Accolto l’impianto accusatorio dell’operazione “Beta”. 30 arresti lo scorso luglio
Una “cellula” mafiosa a Messina c’è, eccome. A confermarlo è stato il Tribunale della libertà di Messina, che ha accolto l'impianto accusatorio dell'operazione “Beta”, scattata lo scorso 6 luglio. Si tratta di una struttura criminale locale che integrava le caratteristiche dell'associazione mafiosa. L'indagine, coordinata dal procuratore aggiunto Sebastiano Ardita e dai sostituti Maria Pellegrino, Liliana Todaro e Antonio Carchietti, aveva portato in carcere 30 persone, svelando l'esistenza di una cellula mafiosa catanese, diretta emanazione del clan Santapaola, che aveva messo le mani sugli interessi nel settore immobiliare e negli appalti pubblici. Con l’inchiesta erano emerse anche le collusioni con funzionari dell'amministrazione messinese in merito all'acquisizione di immobili da destinare poi ad alloggi popolari, così come gli interessi illeciti nelle scommesse calcistiche, nelle corse clandestine di cavalli e nei giochi online.

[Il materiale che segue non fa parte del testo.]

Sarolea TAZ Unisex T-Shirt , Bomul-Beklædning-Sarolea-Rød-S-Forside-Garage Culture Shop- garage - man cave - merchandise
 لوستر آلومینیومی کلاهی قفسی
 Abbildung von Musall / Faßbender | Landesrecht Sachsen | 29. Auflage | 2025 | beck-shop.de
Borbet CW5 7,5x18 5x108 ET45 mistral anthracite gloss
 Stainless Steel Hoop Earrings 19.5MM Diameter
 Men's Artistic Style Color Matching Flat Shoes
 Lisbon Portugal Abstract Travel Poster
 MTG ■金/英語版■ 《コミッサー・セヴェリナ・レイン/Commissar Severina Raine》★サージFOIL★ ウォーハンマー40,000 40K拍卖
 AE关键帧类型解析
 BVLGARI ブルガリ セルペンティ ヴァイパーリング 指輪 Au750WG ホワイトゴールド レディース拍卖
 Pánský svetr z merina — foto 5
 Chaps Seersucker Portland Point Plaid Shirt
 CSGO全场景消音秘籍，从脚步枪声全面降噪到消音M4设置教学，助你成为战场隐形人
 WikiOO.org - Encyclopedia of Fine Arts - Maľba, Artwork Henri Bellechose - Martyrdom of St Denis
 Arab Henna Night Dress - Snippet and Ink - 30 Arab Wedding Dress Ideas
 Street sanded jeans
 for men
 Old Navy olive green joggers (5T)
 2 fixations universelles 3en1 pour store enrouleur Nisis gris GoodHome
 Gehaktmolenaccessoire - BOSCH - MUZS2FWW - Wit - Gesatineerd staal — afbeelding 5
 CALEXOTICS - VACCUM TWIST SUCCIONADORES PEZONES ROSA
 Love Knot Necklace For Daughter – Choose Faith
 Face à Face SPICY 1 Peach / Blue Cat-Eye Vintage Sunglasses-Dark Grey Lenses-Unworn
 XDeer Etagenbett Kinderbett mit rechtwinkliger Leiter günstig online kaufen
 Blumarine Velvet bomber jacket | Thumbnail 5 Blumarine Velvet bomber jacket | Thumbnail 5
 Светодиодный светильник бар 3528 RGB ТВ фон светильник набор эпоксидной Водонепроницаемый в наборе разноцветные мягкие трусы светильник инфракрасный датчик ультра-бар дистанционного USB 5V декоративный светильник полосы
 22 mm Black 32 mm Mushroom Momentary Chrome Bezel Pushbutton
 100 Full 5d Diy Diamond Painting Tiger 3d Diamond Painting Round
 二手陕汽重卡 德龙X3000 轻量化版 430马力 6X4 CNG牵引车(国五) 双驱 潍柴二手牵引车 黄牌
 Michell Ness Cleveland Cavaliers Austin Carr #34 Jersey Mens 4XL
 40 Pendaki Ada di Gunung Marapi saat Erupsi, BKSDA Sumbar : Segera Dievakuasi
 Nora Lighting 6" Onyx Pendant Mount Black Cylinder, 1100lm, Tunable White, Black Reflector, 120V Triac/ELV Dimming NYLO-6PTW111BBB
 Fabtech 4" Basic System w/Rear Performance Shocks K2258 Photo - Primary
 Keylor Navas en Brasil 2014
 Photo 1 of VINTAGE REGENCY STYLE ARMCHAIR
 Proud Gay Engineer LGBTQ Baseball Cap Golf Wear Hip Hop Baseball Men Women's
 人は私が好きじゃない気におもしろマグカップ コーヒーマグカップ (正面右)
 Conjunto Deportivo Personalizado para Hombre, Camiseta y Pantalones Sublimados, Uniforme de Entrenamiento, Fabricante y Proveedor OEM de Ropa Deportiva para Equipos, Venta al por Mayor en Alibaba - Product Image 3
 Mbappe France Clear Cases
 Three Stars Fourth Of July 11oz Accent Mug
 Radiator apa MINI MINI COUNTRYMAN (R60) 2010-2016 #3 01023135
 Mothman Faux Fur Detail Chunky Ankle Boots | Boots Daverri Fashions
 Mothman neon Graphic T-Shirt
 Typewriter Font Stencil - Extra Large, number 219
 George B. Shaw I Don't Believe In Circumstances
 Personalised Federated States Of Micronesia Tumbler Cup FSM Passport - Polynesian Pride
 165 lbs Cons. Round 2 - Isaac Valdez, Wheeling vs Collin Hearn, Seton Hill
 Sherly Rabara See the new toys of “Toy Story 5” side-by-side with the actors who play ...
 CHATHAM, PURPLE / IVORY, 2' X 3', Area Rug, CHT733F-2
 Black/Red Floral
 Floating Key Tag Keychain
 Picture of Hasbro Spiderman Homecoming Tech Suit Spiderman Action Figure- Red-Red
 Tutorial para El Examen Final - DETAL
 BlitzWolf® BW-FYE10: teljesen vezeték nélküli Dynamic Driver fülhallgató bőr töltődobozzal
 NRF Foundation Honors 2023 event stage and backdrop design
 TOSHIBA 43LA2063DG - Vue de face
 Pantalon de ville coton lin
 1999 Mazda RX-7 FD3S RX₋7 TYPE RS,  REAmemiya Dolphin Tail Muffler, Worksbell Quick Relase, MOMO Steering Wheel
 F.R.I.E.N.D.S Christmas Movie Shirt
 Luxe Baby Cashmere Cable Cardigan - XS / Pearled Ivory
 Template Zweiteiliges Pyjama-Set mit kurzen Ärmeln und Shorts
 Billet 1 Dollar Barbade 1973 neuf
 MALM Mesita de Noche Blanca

L’accusa, durante le udienze al Tribunale del riesame, ha depositato altre intercettazioni da cui emergono nuovi affari nell’ambito del riciclaggio internazionale. Sono state inoltre pienamente confermate le contestazioni di associazione mafiosa che sostenevano le misure cautelari nei confronti di Vincenzo e Francesco Romeo, considerati al vertice della famiglia mafiosa, nonché, tra gli altri, di Pasquale, Benedetto e Antonio Romeo, Stefano Barbera, Marco Daidone e N. L.. Rimangono agli arresti domiciliari per concorso esterno in associazione mafiosa anche l'imprenditore Carlo Borella, ex presidente dei costruttori di Messina e l'avvocato Andrea Lo Castro. Per Lo Castro il Tribunale del riesame ha confermato anche la falsa intestazione dell'appartamento del complesso Nuovo Parnaso, che secondo l'accusa sarebbe stato acquistato con denaro del capo mafia Vincenzo Romeo ed intestato al fratello Gianluca, ritenendo però non compatibile l'ulteriore contestazione di riciclaggio. Agli arresti domiciliari per corruzione è il tecnico comunale, ingegner Cucinotta; così come l'imprenditore Rosario Cappuccio, per l'estorsione a un altro commerciante. Per quanto riguarda quest’ultimo reato, nei giorni scorsi erano stati rimessi in libertà i due imprenditori del nord - Italo Nebbiolo e Guarneri - poiché si erano dimessi dalle cariche rivestite nel consorzio Cic che, secondo l'accusa, aveva fatto ricorso alla famiglia mafiosa di Cosa nostra per risolvere una controversia economica.